Otago University graduate Dave Ferguson is the Co-founder of tech company Nuro. He graciously allowed us to host an event at Nuro’s headquarters. The company creates driverless vehicles which deliver goods to people and has recently signed contracts with FedEx and Seven 11. Dave gave a quick overview of his business and discussed how he hopes that robotics can take on the role of more and more mundane tasks such as grocery shopping, freeing us up time to do more of what we enjoy, such as connecting with friends and family.
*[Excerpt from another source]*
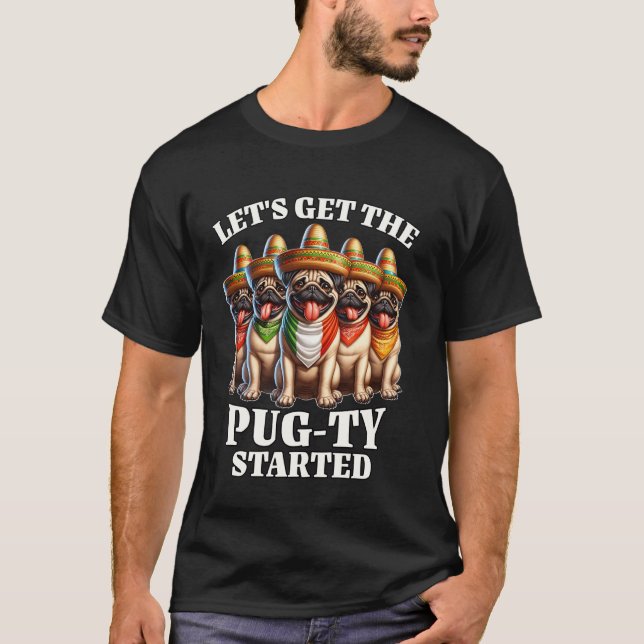 Camiseta Fiesta Pug Cinco Pug De Mayo (Anverso)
Overall the mood among founders here is buoyant. Many are in the US launching their businesses, and the chance to be in the market and meet face to face with their partners really helps speed up things.
Gary Fortune, Kea North America Regional Director
July saw a continued high volume of scheduled offshore Ministerial visits with a focus on Australia and the Pacific, and the announcement of changes to New Zealand’s investor visa settings in a bid to attract experienced, high-value investors, bringing growth opportunities to domestic businesses.
The new Active Investor Plus visa category is part of the government’s Immigration Rebalance strategy, which aims to attract high-skilled migrants, and aligns with the goal of building a more productive, competitive and sustainable economy. The Active Investor Plus visa uses a weighting system to incentivise investor migrants to directly invest in high-value, high-growth potential New Zealand investment opportunities. Apart from capital, businesses will benefit from the investor’s human capital, global knowledge, and market connections to keep expanding. By having a higher weighting for active investments, potential investors can qualify for the visa with a lower minimum investment amount than those who choose more indirect or passive investments. NZTE is the key point of contact for potential investor migrants and will also be responsible for aftercare services to support investor migrants play an active role in New Zealand’s investment ecosystem. Immigration NZ retains the visa processing and decision-making role.
The schedule of trade missions continued this month as part of the Government’s reconnection strategy to support export growth and the return of tourists post COVID-19. The Prime Minister headed directly to Australia from European meetings early in the month to lead a mission including over 30 New Zealand businesses to Melbourne and Sydney. Australia is our second largest trading partner and largest source of visitors, with over 1.55 million visiting in 2019 and contributing over $2.7 billion to the economy. During the mission, the Prime Minister met with tourism leaders and key Australian investors before heading to the Pacific Island Forum in Fiji.
The Forum covered major issues affecting the Pacific region from climate change to China, the US and security, and indigenous rights movements in West Papua and New Caledonia. The Solomons Islands security pact with China continues to be a concern, and US Vice President Kamala Harris was unexpectedly invited to address the Forum where she unveiled a major package of initiatives to boost the US presence in the region, including opening two new embassies – including Kiribati – and NZ $1 billion over the next decade towards fishing and economic support.
Finally, Bede Corry has been announced as New Zealand’s next Ambassador to the United States. Currently New Zealand’s High Commissioner to London, he previously served as Deputy Secretary for Australia, Pacific, Middle East, Africa and Europe Group, as Deputy Secretary in the Ministry of Defence, and as New Zealand’s Ambassador to Thailand.